(Directions for this task) Copy out the lines of the listing from the one containing "Woman killed by" onward, through the last, without altering any.

(Records supplied)
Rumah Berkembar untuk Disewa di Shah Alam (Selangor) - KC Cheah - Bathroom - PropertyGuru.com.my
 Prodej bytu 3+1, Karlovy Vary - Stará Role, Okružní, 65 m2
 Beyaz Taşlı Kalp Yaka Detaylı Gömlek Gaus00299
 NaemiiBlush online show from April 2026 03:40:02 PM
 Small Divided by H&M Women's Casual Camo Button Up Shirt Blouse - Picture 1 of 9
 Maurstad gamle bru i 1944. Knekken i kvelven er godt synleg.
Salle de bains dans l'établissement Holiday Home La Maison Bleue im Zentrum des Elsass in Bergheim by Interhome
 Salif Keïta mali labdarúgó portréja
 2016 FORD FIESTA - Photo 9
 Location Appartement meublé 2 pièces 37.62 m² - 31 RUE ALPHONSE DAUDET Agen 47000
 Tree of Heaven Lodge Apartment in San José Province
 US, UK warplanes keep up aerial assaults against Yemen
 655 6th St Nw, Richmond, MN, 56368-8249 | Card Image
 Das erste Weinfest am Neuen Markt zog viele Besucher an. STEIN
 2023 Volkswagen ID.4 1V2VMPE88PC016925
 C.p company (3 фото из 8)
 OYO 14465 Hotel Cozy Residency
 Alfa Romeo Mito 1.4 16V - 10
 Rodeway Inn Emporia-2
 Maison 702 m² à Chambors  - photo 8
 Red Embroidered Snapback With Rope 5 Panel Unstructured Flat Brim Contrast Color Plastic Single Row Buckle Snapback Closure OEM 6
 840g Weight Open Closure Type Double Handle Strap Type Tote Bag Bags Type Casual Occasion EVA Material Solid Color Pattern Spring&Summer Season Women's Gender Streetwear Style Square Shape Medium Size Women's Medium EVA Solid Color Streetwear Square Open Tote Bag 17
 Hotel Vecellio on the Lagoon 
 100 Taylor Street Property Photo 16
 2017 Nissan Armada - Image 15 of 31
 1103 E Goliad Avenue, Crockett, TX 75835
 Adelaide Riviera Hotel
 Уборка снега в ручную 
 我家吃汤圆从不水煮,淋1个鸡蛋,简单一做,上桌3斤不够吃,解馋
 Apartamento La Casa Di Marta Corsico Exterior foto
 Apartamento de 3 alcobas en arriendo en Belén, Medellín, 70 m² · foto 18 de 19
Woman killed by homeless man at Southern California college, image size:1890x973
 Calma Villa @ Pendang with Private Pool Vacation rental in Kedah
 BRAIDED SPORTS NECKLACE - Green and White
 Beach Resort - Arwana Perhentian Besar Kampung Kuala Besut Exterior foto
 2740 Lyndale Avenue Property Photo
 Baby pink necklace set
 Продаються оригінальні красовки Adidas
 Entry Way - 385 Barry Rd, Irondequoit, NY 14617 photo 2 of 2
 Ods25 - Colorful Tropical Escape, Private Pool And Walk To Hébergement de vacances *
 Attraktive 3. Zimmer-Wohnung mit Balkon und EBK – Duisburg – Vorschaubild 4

(Expected answer)
Woman killed by homeless man at Southern California college, image size:1890x973
 Calma Villa @ Pendang with Private Pool Vacation rental in Kedah
 BRAIDED SPORTS NECKLACE - Green and White
 Beach Resort - Arwana Perhentian Besar Kampung Kuala Besut Exterior foto
 2740 Lyndale Avenue Property Photo
 Baby pink necklace set
 Продаються оригінальні красовки Adidas
 Entry Way - 385 Barry Rd, Irondequoit, NY 14617 photo 2 of 2
 Ods25 - Colorful Tropical Escape, Private Pool And Walk To Hébergement de vacances *
 Attraktive 3. Zimmer-Wohnung mit Balkon und EBK – Duisburg – Vorschaubild 4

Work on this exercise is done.